Petroleum-based oils, like baby oil, aren’t recommended for massages. They tend to sit on the surface of the skin rather than absorbing, and they don’t have as many health benefits as plant-based oils.

Massage oil prices

Massage oils vary in price depending on the purity of the product. The majority of massage oils fall between $6 and $35.

Like with essential oils, you get what you pay for. Massage oils in the $6 to $10 price range come in smaller amounts – 30 milliliters is common. While there are bargains to be found, you’re more likely to find non-virgin, non-organic oils that may or may not include fillers.

You should have no trouble finding a high-quality massage oil in the $10 to $20 range. Mid-range massage oils usually include pumps for easy use and are packaged in amber bottles for optimal storage.

Massage oils over $20 may come in large quantities, be formulated with organic ingredients, or have extra benefits, such as anti-aging or pain-relief properties.

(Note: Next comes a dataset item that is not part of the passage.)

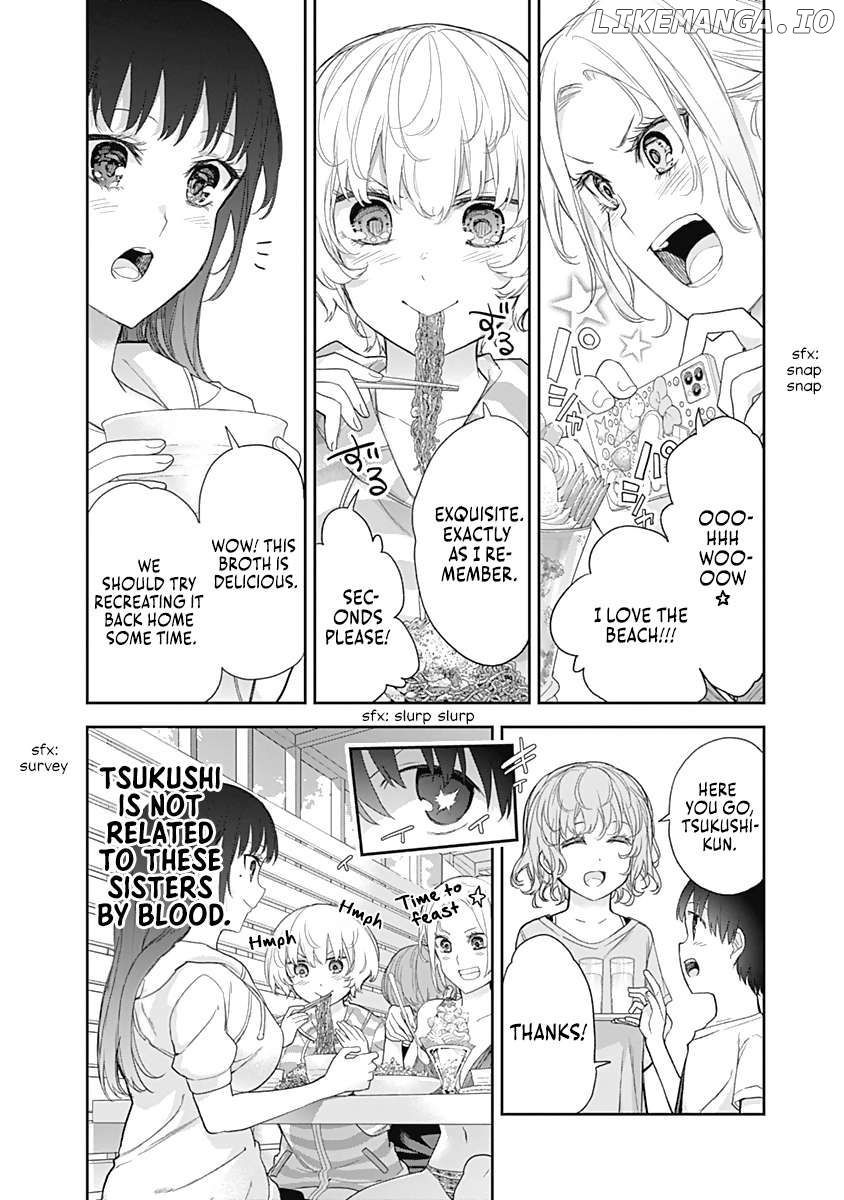 The Shikisaki Sisters Want To Be Exposed Chapter 23 - page 2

  • Start with a dime-size amount of product. Warm the massage oil by rubbing it between your hands for 10 seconds. There are devices that warm massage oil, too, but your hands will do the trick.
  • Don’t forget to set the mood for the massage with some dim lights, candles, and gentle music.
  • Those who are health-conscious should be sure their chosen massage oil is paraben-free.
  • Like essential oils, massage oils stay fresh the longest when stored in dark amber bottles in a cool, dry place.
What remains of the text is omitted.